The International Longevity Alliance announces the winners of the first of its kind prize Competition to support longevity activism, advocacy and raising public awareness about longevity research.

A good number of submissions were made from around the world by leading longevity activist organizations and individuals. It was difficult to make the decisions, as all the contributions were excellent and beneficial for the longevity movement worldwide. All were done by dedicated, creative and effective longevity activists and educators. The main prize can be the actual activities performed. Nonetheless, several activism projects were selected. The decisions were mainly based on the awareness impacts that the projects made in the particular areas, people’s involvement, especially during the October Longevity Month campaign, but also taking into account the past record of longevity activism and encouraging activism development for the future. 

And the winners are: 

First prize: Mikhail Batin and Anastasia Egorova – Open Longevity, Russia, for the Longevity School initiative and the longevity documentary and social media initiatives, among their diverse and long-standing longevity activism, advocacy and educational programs, including an annual offline longevity school.   

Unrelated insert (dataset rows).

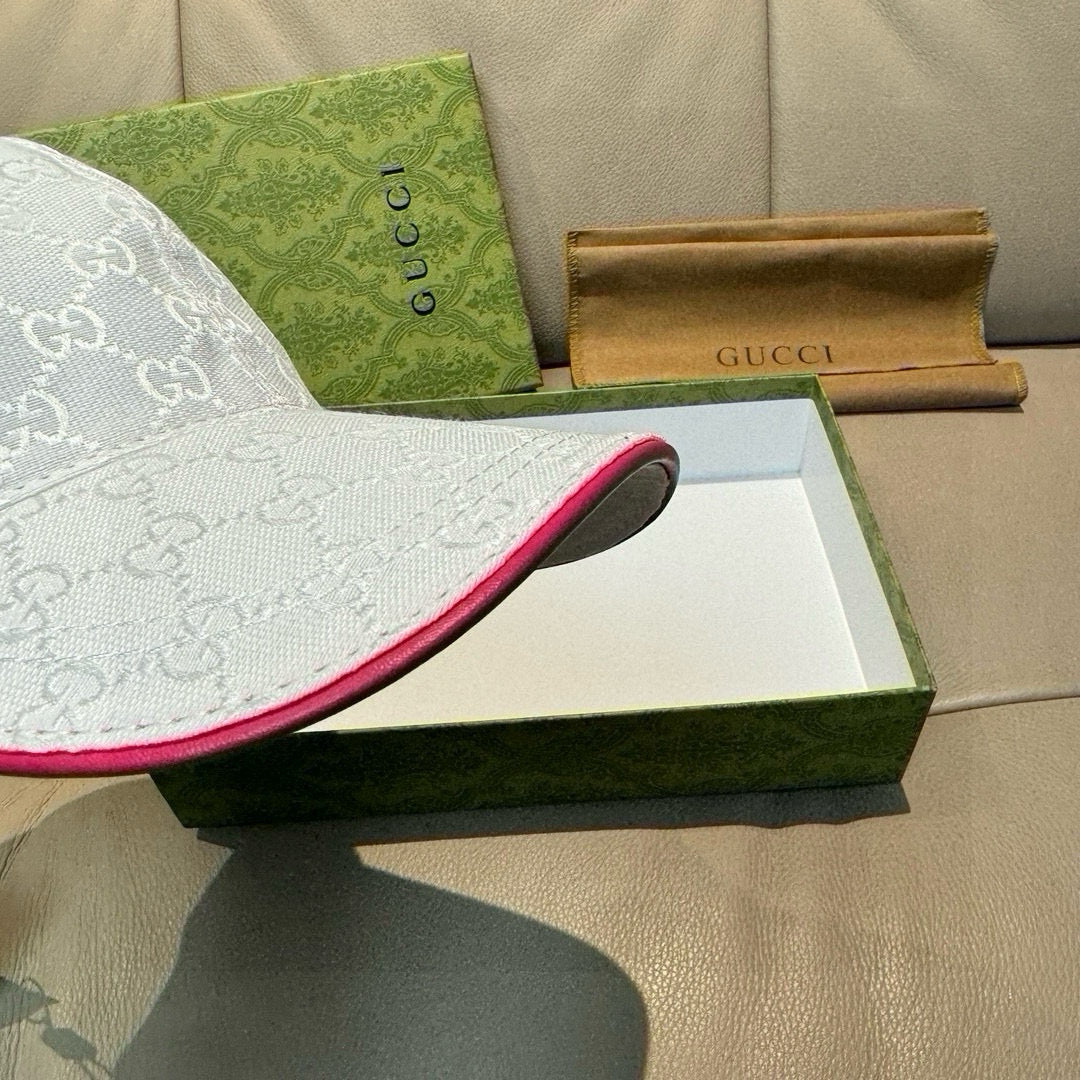 Fashion GG letter baseball cap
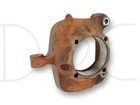 05-12 Ford F250 F350 Dana 60 Front Axle Steering Knuckle Spindle Lh Left Driver Used. Price: $400.00.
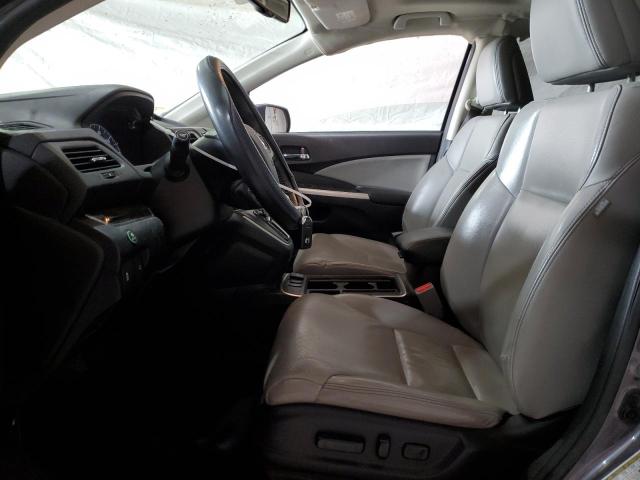 2HKRM4H70GH709657 Honda CR-V EXL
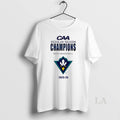 Original Unc Wilmington Seahawks Mens Basketball Caa Regular Season Champions 2025 26 Womens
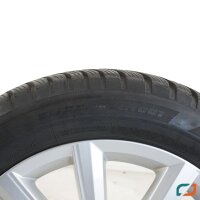 Original VW T-Roc Winterräder Winterreifen Merano 2GA601025M 215/55 R17 94V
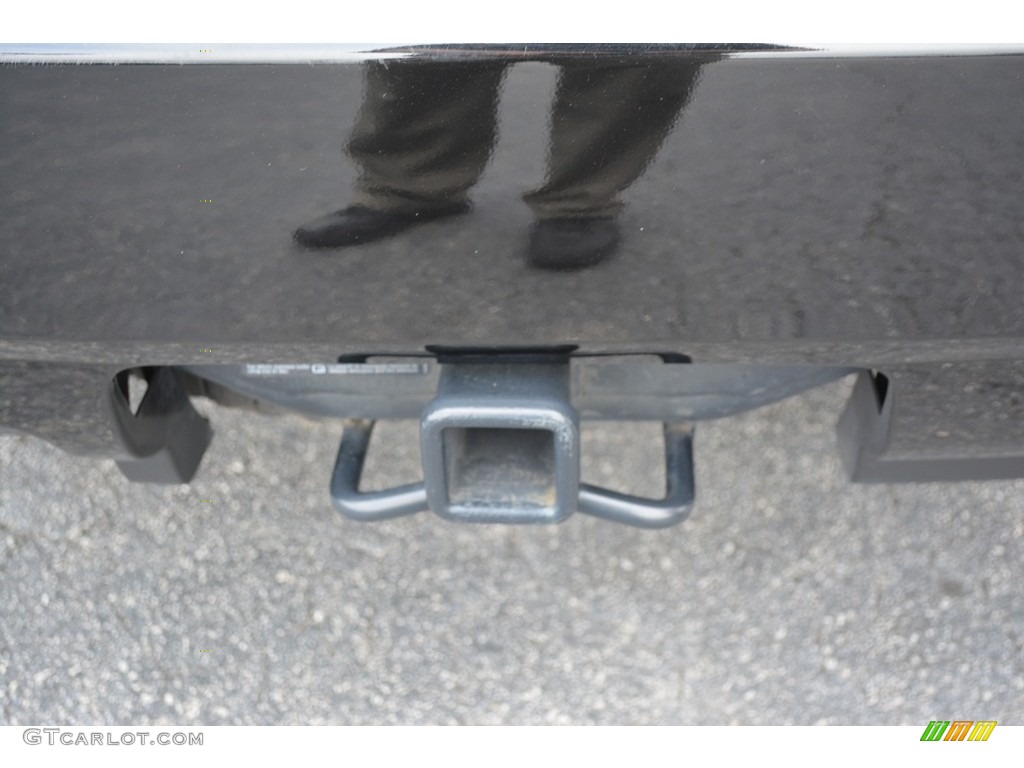 2007 Envoy Denali - Onyx Black / Ebony photo #8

Second prize: Andreas Kabus – Longevity Germany, for the advocacy outreach during the Longevity Month. Andreas is representative of several longevity activism and advocacy initiatives and organizations, including the single issue German Health Party. Yet the prize is given not in relation to any particular organization, but for the longevity outreach effort generally.

Third prize: Jose Cordeiro – Singularity Madrid, Spain, for the organization of longevity month online events and media promotions, especially for the Spanish-speaking community, and the publication of the book The Death of Death, among other diverse and long-standing longevity advocacy, educational and awareness raising projects.

There were many excellent submissions by activists, including several less familiar actors in the longevity community, who nonetheless showed a significant potential to develop longevity activism, now and for the future. Hence a new prize category was established: “the breakthrough longevity activism prize” for emerging and promising longevity activism projects and actors.

The four winners of the Breakthrough Longevity Activism Prize are:

Aftab Ahmad – Pakistan Aging Research Society and National Academy of Young Scientists, for the events and promotions in Pakistan during the longevity month

Agbolade Omowole — Longevity Nigeria, for the organization of online events and media promotions during the Longevity Month.

Josiah Akinloye — Enlightenment Transhumanist Forum of Nigeria – ETFN, for longevity outreach media content creation. Josiah is an ILA member (as also several other submitters), yet the prize is given not in relation to any particular organization, but for the longevity advocacy and content creation.   

Youness Erraiba – For Bladi Association, Morocco, for the emerging educational project Longevity Research Support

In addition, recognition and commendation are given to the other participants:

Avinash Kumar Singh and Sarah Ahamed — India Future Society, India, for the organization of the longevity month online event and publication.

Alexander Shishparenok, Russia, for the Open Science – Gerontology educational channel  

Roc Ordman, USA, for the Nutrition Investigator research and education portal 

Tony Bernstein – Portal Terceira Idade, The Third Age Portal, Brazil, for the healthy longevity promotional video.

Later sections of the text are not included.